Homélies et commentaires par fr. Laurent Mathelot OP

Résurgences

Son règne finira-t-il par venir ?

Alors que l’actualité du monde comme nos vies personnelles peuvent sembler désespérantes de mauvaises nouvelles, comme une série de malheurs sans fin, Jean de Sain-Cheron se demande quand viendra le « règne de Dieu » annoncé.


« La venue du règne de Dieu n’est pas observable », prévient Jésus dans l’Évangile (Lc 17, 20). En toute sincérité, on s’en était aperçus. Car où est-il, le règne de paix, de droit, de justice promis par le Seigneur ? (cf. Is 9, 6) Où est-il donc, le royaume annoncé ? Jésus ajoute : « Le règne de Dieu est au milieu de vous » (Lc 17, 21). Nous voilà bien avancés. Car au milieu de nous sont les malheurs. Nous l’expérimentons tous, de façon plus ou moins douloureuse, plus ou moins révoltante, que ce soit à l’échelle individuelle (un lot de malheurs démesuré, insupportable, inhumain semble avoir été réservé à certaines personnes, certaines familles), ou à l’échelle collective.

Pourquoi le malheur, ce gros monstre aveugle, continue-t-il de taper sur les éprouvés, les innocents, les enfants ? « Au milieu de nous », sans que nous ne puissions rien y faire ni comprendre, surtout si nous ne le vivons pas directement, règne le malheur : « Ceux qui, même ayant beaucoup souffert, n’ont jamais été en contact avec le malheur proprement dit n’ont aucune idée de ce que c’est.
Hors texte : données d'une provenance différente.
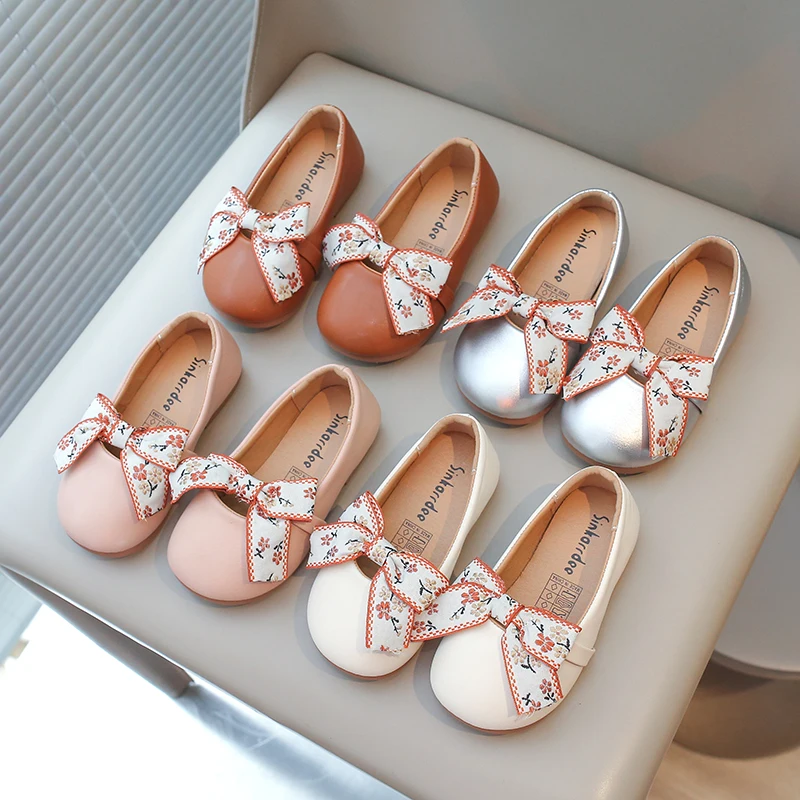 

Осенняя обувь для девочек, искусственная кожа, однотонная детская обувь без шнуровки, не скользит, детская повседневная обувь на плоской подошве 21-34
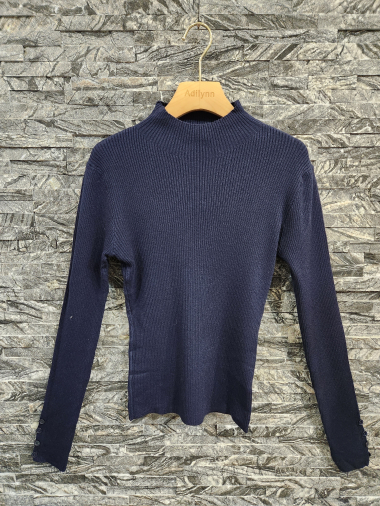 Wholesaler Adilynn - Ribbed knit sweater with high collar, long sleeves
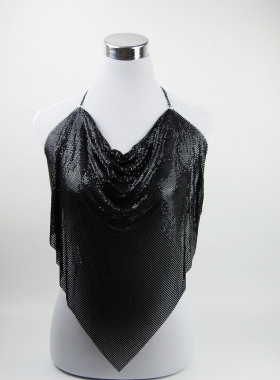 欧美速卖通跨境项链女性感沙滩比基尼铝网布胸链身体链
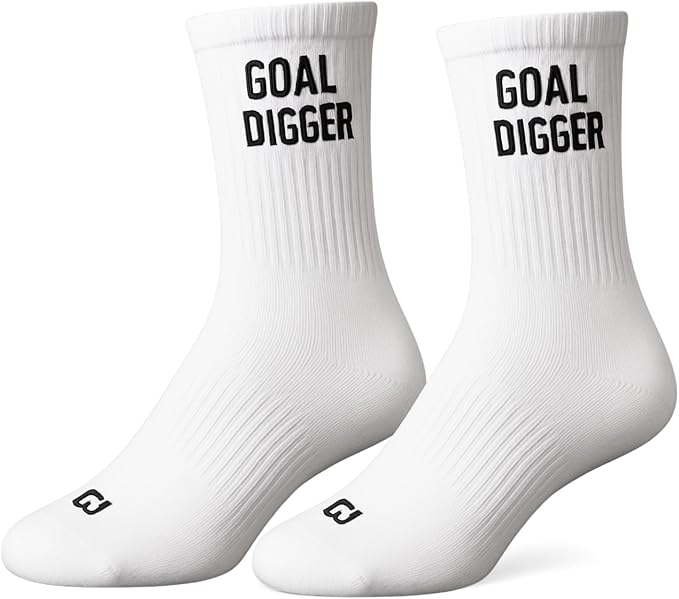 Soul8 Studio Cotton Crew Socks for Running Athletic Gym, Unisex & Women, Fun Inspirational Gift (US, Numeric, 6, 8.5, Regular, Regular, 2 Pairs: Goal Digger & Look Like A Beauty)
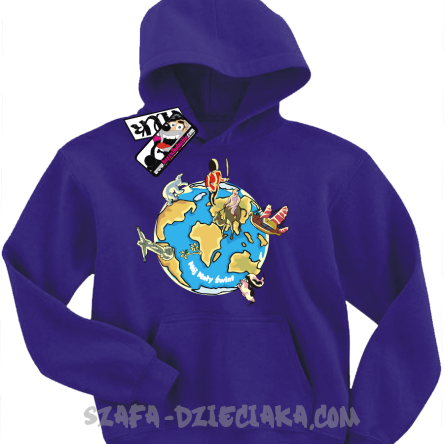 Mój mały świat dziecięca bluza z kapturem - purple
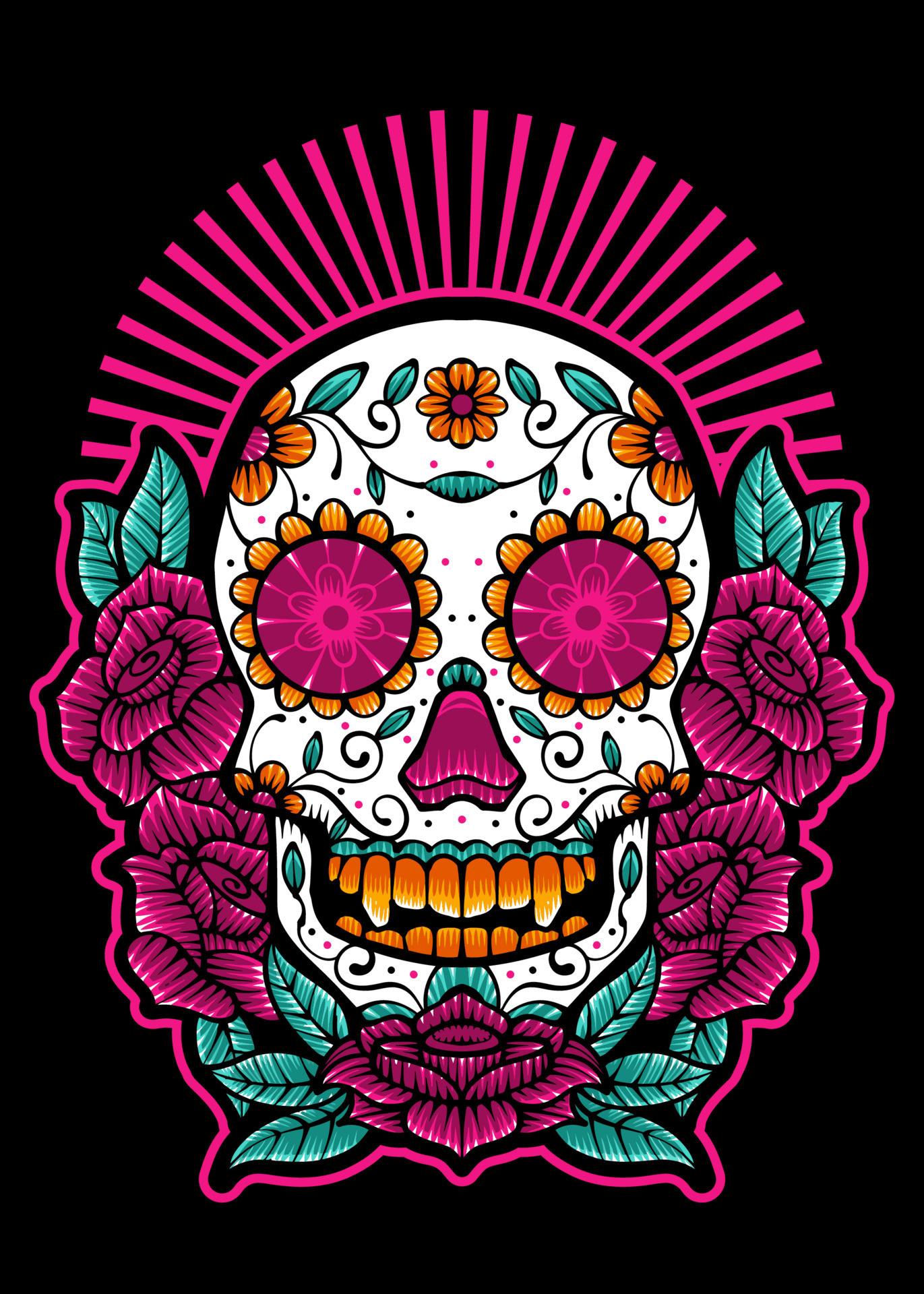 Dia de los muertos, Day of the dead skull, Mexican holiday, festival ...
C’est quelque chose de spécifique, d’irréductible à toute autre chose, comme les sons, dont rien ne peut donner aucune idée à un sourd-muet » (Simone Weil).

Le règne de Dieu au milieu de nous

Et qu’on ne nous prenne pas pour des rabat-joie : nous sommes tout ce qu’il y a de plus disposés à voir le règne de Dieu au milieu de nous. Et même nous n’attendons que ça. On nous dira qu’il est dans le geste gratuit de telle âme charitable, dans le pardon de telle victime, dans la tendresse de tel père, dans le miracle de la naissance de tel enfant. Mais ça n’arrête pas le malheur. Qu’est-ce donc que ce règne qui ne vient pas vraiment, qui ne règne pas vraiment ? Combien de temps faudra-t-il attendre et réciter « Que ton règne vienne » ? Pourquoi la terre que le Sauveur du monde a foulée de ses pieds il y a vingt et un siècles – tout de même ! – est-elle le théâtre de tant d’horreurs ? Notre désarroi avait été prédit : « Des jours viendront où vous désirerez voir un seul des jours du Fils de l’homme, et vous ne le verrez pas. » (Lc 17, 22)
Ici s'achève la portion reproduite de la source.